» TASK DIRECTIONS
Every entry below is to be returned unchanged. Images are not part of the copy.

» THE DATA
· · · ·

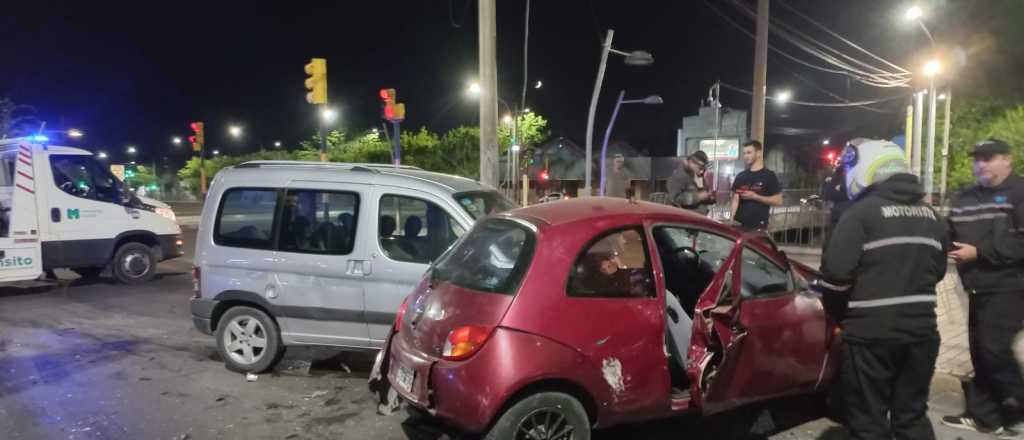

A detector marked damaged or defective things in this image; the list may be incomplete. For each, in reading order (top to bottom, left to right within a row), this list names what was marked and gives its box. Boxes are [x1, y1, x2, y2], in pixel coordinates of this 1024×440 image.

damaged red car [372, 197, 835, 437]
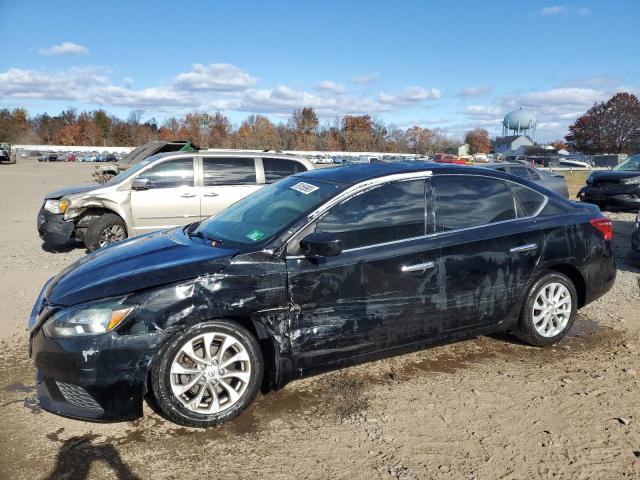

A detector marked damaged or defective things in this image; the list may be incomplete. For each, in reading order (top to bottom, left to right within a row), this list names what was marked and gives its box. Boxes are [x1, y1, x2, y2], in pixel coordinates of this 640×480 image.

damaged black sedan [28, 162, 616, 428]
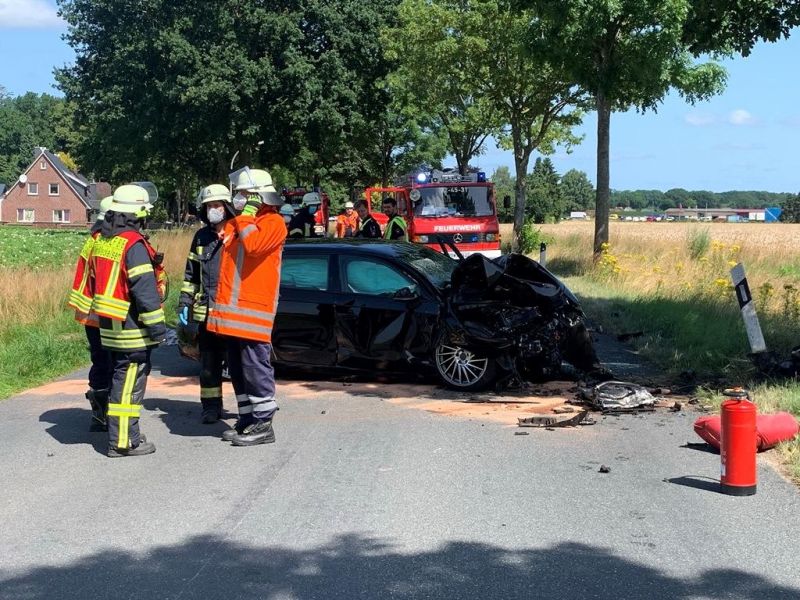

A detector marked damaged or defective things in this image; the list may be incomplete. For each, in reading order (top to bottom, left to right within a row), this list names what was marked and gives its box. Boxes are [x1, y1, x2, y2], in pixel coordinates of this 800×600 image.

shattered windshield [412, 188, 494, 218]
shattered windshield [404, 245, 460, 290]
wrecked black car [177, 241, 600, 392]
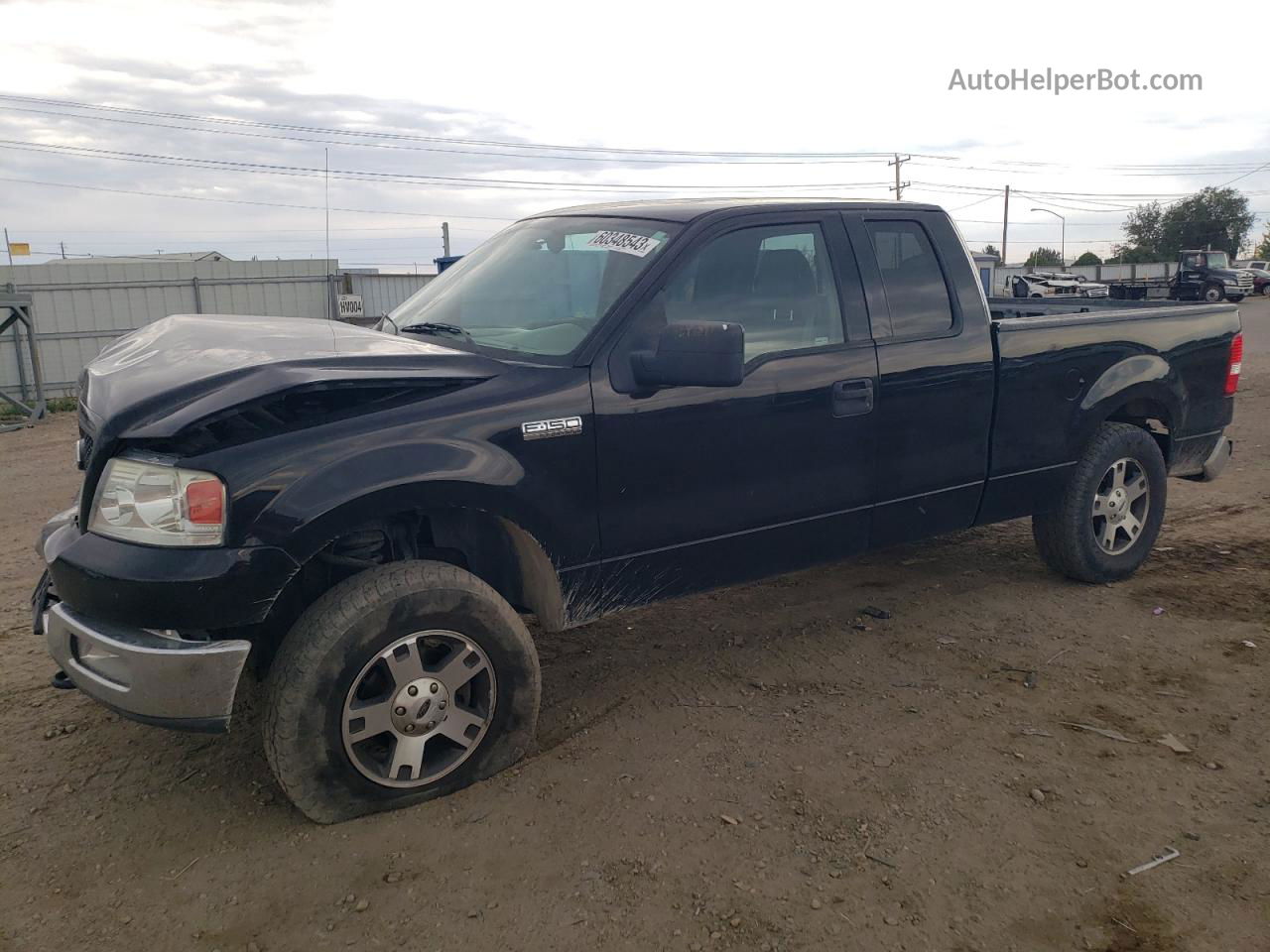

· · · ·

» ANSWER AREA
A detector marked damaged or defective things in this image; the list may be incomplete. For each, in reading order (top to bottom, left to right within a row), this list names what was marked and gives its box. Boxes are [x1, y1, x2, y2], in pixel coordinates of this 1024×440 image.

damaged red car [372, 197, 835, 437]

A detector marked damaged or defective things in this image; the list may be incomplete. For each, in reading order (top to bottom, left to right within a row), this list names what was marked and gives its box. Boxes are [x1, y1, x2, y2], in pixel coordinates of this 640×480 image.

damaged black sedan [28, 162, 616, 428]

A detector marked damaged or defective things in this image; the list may be incomplete. For each, in reading order (top to bottom, left to right within a row), this list names what was marked and gives its box. Boxes are [x1, y1, x2, y2], in pixel coordinates of this 800×600 image.

shattered windshield [412, 188, 494, 218]
shattered windshield [404, 245, 460, 290]
wrecked black car [177, 241, 600, 392]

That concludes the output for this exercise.